▶ _Exercise description_
From the records below, copy out exactly the lines from the one containing "Mesothelin Antibody" to the one containing "( - CCDB-15777-H09)", both included. Add nothing else.

▶ _Supplied entries_
┏━━

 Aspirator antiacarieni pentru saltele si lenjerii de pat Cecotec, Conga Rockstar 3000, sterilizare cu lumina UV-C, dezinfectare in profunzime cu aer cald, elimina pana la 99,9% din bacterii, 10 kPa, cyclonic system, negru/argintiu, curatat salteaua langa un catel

┗━━
┏━━

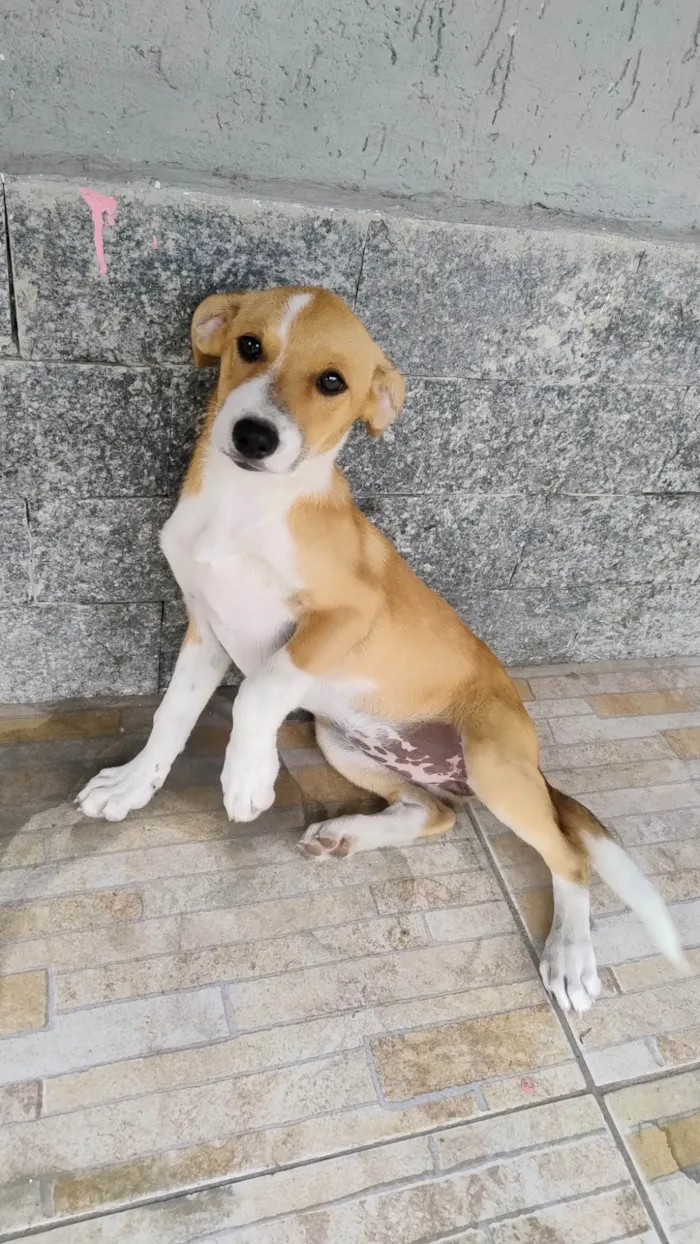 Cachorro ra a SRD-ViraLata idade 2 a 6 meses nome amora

┗━━
┏━━

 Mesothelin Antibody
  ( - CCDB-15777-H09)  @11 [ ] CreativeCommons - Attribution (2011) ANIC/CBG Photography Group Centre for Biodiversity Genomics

┗━━

▶ _Response below_
 Mesothelin Antibody
  ( - CCDB-15777-H09)  @11 [ ] CreativeCommons - Attribution (2011) ANIC/CBG Photography Group Centre for Biodiversity Genomics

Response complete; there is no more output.